Can anybody tell me if there is anything analogous to Lorentz transformation in General Relativity (ie, in curved space)? If there is then what are the corresponding group generators and what is the corresponding algebra? I just wondered this question while reading about Lorentz group and I am not very if such analogy will exist in curved space. But may be using the concept of parallel transport such analogies may be made but that will be complicated.

 

[Mentz114]

As you know, the LT connects a special class of frames in SR. It seems the only possible set of special frames in GR are the freely-falling frames. Each FF observer can construct a local SR frame whose spatial axes are local null geodesics (in reality this frame may be limited in size by the local field).
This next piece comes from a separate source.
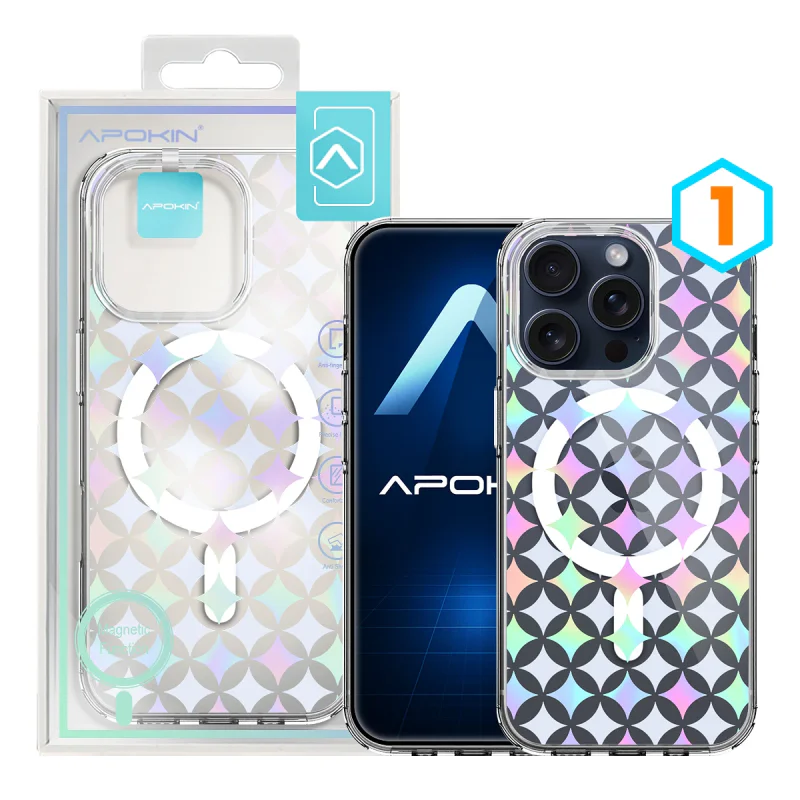 Capa Apokin Metálica Iridescente com MagSafe e Padrão para iPhone 15 Pro Max Cor 3 - Imagem 2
If we know the details of the space-time, it ought to be possible to devise a transformation that connects two such frames, but I don't know what it is or even if it exists.

[edit] Of course there's no reason whatever why two different FFFs should be inertial wrt to each other, so whatever transformation connects them will not look much like the LT.

 

[HallsofIvy]

Not an "analogue" but a "generalization". And that is that that the length of the "world line" is the same from any frame of reference.

 

[Mentz114]

HallsofIvy,

Is there a general transformation between freely-falling frame coords ?

$$x_{\mu} \rightarrow x'_{\mu} = f(x_{\mu})$$

I'm trying to work something out in Painleve-Gullstrand co-ords.

M